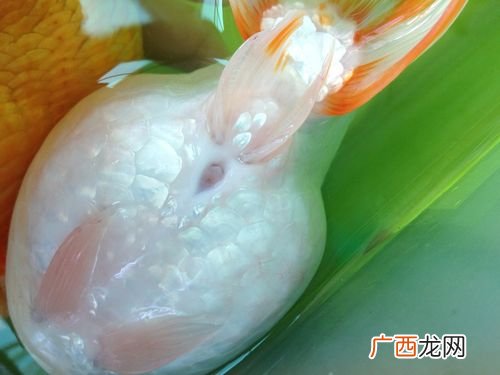 北京新增54例感染者 2地升高风险 水产研究所室内养殖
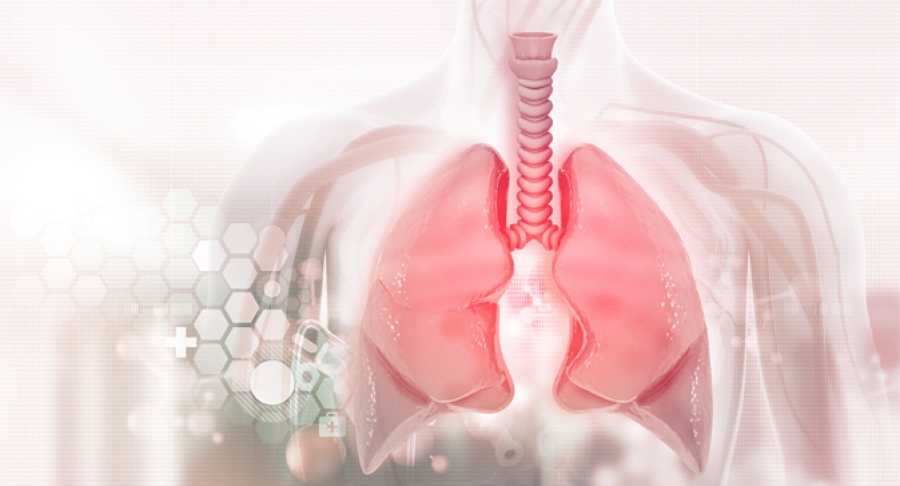 Cascone Laboratory | UT MD Anderson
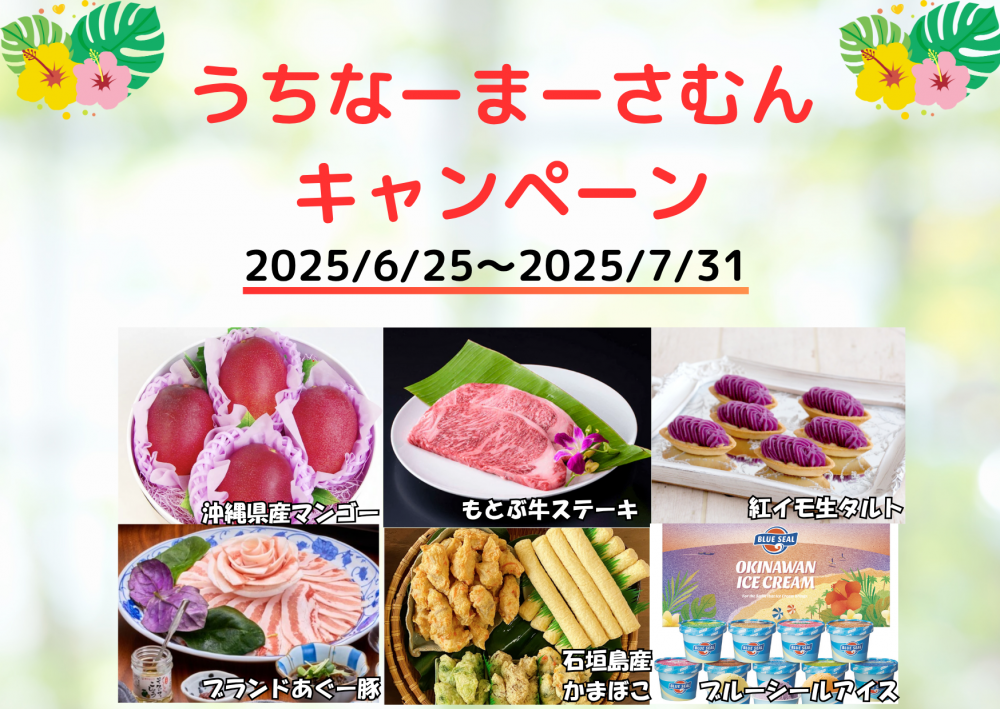 【ポケットファンディング】再・茨城ファンド１号（一次募集）【一部不動産担保付】！うちなーまーさむんキャンペーン2025対象ファンド！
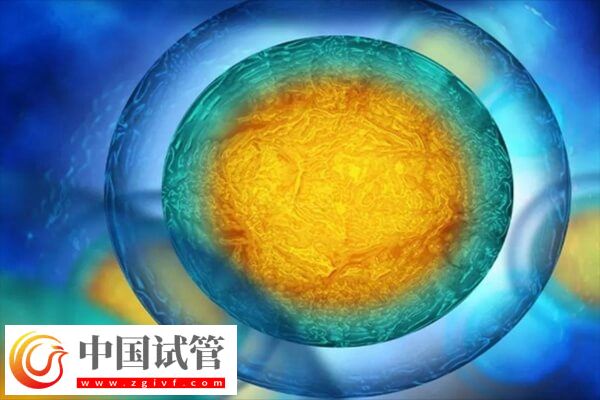 胚胎移植后会不会自己掉下来(图1) 胚胎移植后会不会自己掉下来(图1)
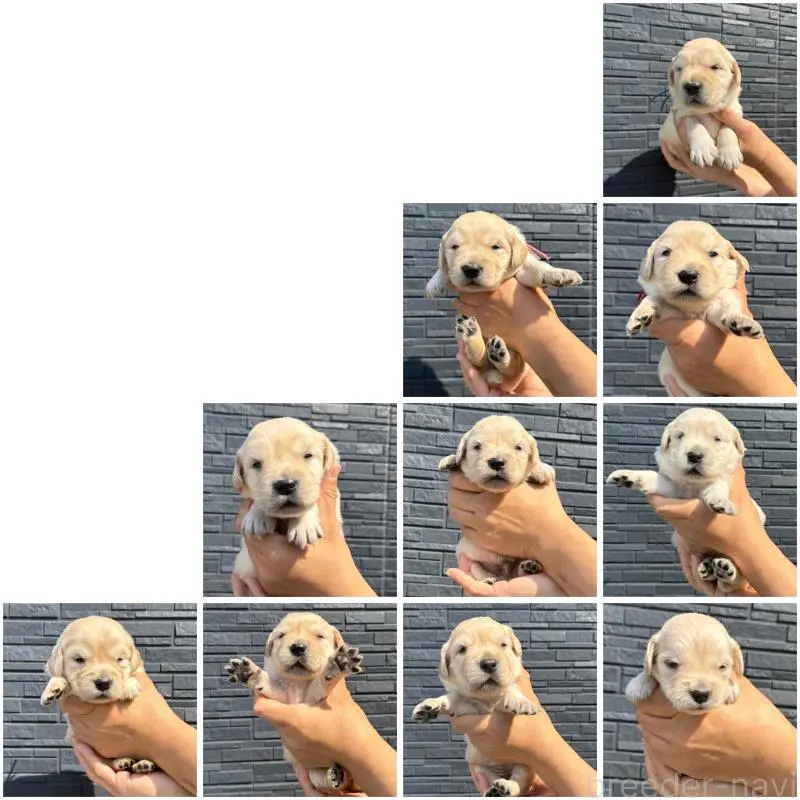 販売中の静岡県のゴールデンレトリーバー-454235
■ ■ ■ ■ ■ ■ ■
→ **AIM OF THE EXERCISE**
Down to the final line, restate the material above word for word, but omit its pictures.

→ **YOUR SOLUTION**
 北京新增54例感染者 2地升高风险 水产研究所室内养殖
 Cascone Laboratory | UT MD Anderson
 【ポケットファンディング】再・茨城ファンド１号（一次募集）【一部不動産担保付】！うちなーまーさむんキャンペーン2025対象ファンド！
 胚胎移植后会不会自己掉下来(图1) 胚胎移植后会不会自己掉下来(图1)
 販売中の静岡県のゴールデンレトリーバー-454235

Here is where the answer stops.